Victor rejoined the discussion, sitting once more in his chair. “Roman, do you feel the woman would betray us?”
“I don't know,” Roman said. “She refused to tell Constantine anything before I entered the room. Not her name, not why she was asking after me. I can only surmise that is part of the reason the Saracen bothered to beat her so badly rather than just kill her outright once he'd caught up with her. Perhaps she has more to tell us, if only we give her the opportunity to healâand to live,” he added.
“I agree,” Victor said.
Adrian nodded. “As do I.”
The men looked to Valentine, who was wobbling his head from side to side, contemplating the ceiling. Finally, he sighed. “Agree.

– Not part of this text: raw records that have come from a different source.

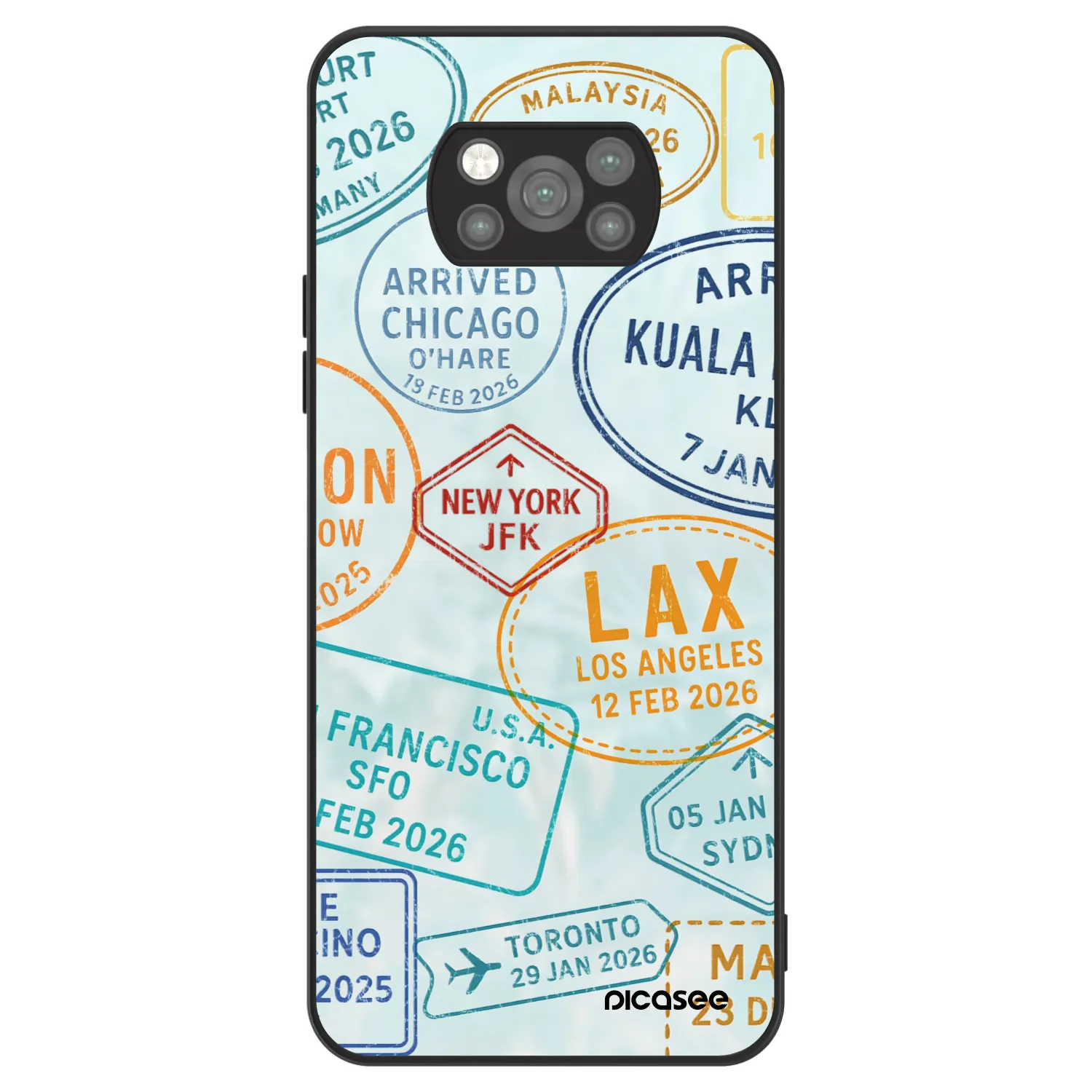 Picasee ULTIMATE CASE na Xiaomi Poco X3 Pro - PASSPORT EDITION
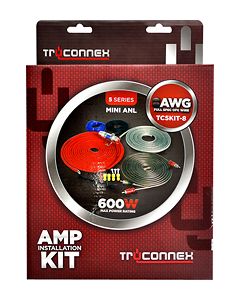 Metra - 8AWG Complete Amp Kit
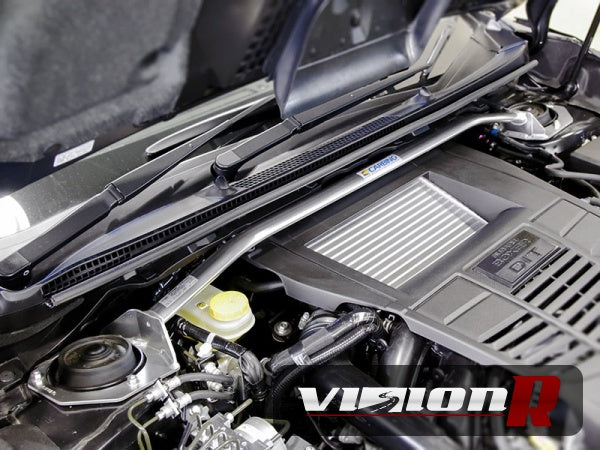 Carbing Aluminum Strut bar 2pt. Suit MY15+ WRX/Levorg FA20 DIT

For the time being.”
All four men stood, and Roman tried to be as inconspicuous as possible as he braced himself on the edge of the table. His head swam still, and the gentle candlelight in the library seemed to throb for a moment.
“Constantine will not like being overruled,” Victor said. “I don't know how he will take the news that she still lives on the morn. He is a man of his word.”
“I will sit with her,” Roman said. “I will not let him harm her, not only for her safety but for Stan's own good. Perhaps there might come a day when he would bitterly regret such an action.”
“Thank you.” Adrian nodded toward Roman, and he was again made aware of the change in the formerly snide and bitter man as the four of them made their way to the gatehouse passage.
Valentine struck Roman on his uninjured arm. “Yes, that is a good idea, my friend. He will have a most difficult time climbing over your large body when you faint. But you? You will no even feel it. Brilliant.”
Roman gave his friend a shove that nearly sent Valentine from his feet. “Then you'd best bring me something to eat, you sneaking Spaniard.”
“I'm certain Brother Wynn has sufficient provisions to sustain you. Plenty of hay and leaves; perhaps some delicious grubs, yes?”
“Won't you precede me down the stairs?”
Valentine grinned over his shoulder while he stepped into the black corridor. “So you can push me down them?”
“Don't worry; you won't even feel it.”
* * *
Isra could feel the redhead's eyes on her as if they were tethers holding her to the pallet. She couldn't have moved even if she'd wanted to, her body was so sore, but even had she been well, she doubted she was brave enough to test the woman's unspoken threat.